The third common myth attached to marriage is the presumption that you must love someone to ensure that you can have a successful marriage with that person. While I do agree that love plays a vital part in having a strong and successful marriage but the truth is that marriage entails more than love.

First of all, it is not possible to marry everyone you love! I love my mother passionately but I cannot marry my mother and it is that simple. I also love my sisters but that does not make them eligible for marriage. We need to look beyond love in many cases to determine that ingredient that will help us make our marriage work. Can I by digression state emphatically that, marriage is WORK and not just work but HARD WORK.

One of the Biblical references that continually thrills me is the marriage of Isaac to Rebekah in Genesis 24:1-67. Abraham sent his trusted servant Eliezer to get a wife for his son Isaac from among his kinsmen and the story goes about how a marriage was contracted without the couple seeing each other until after the wedding has been concluded. Imagine? You may say this cannot happen in our age and time but this is one Biblical standard worth examining.

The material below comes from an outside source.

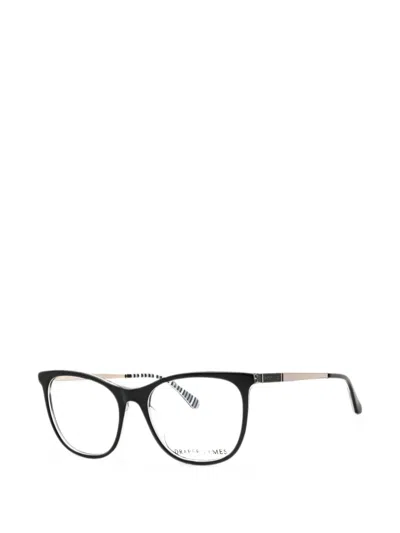 Draper James Rectangular-frame Glasses In Black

What is particularly of interest to me today is how the Bible concludes the story in verse 67

"And Isaac brought Rebekah into his mother Sarah's tent and she became his wife. He loved her deeply and she was a special comfort to him after the death of his mother."

Notice that the Bible says Isaac loved Rebekah deeply but that happened after she became his wife.It was the renowned Christian Apologist Ravi Zacharias who said love is as much a function of the will as it is of the emotions. In other words you can will to love a person if you choose to.

Is it not a popular saying that where there is a will there will be a way?

The issue here is that as long as your spouse is the will of God for you it does not really matter if you are not "head over heels" in love with him or her at the onset, just settle the issue of God's approval and the rest will fall in line. Is it not better to start off not really loving someone and then grow to love that person deeply rather than start on the high note of being madly in love at the beginning only for the love to dissipate over time. You hear people say, I no longer love him or her and because they fall out of love they want to end the relationship.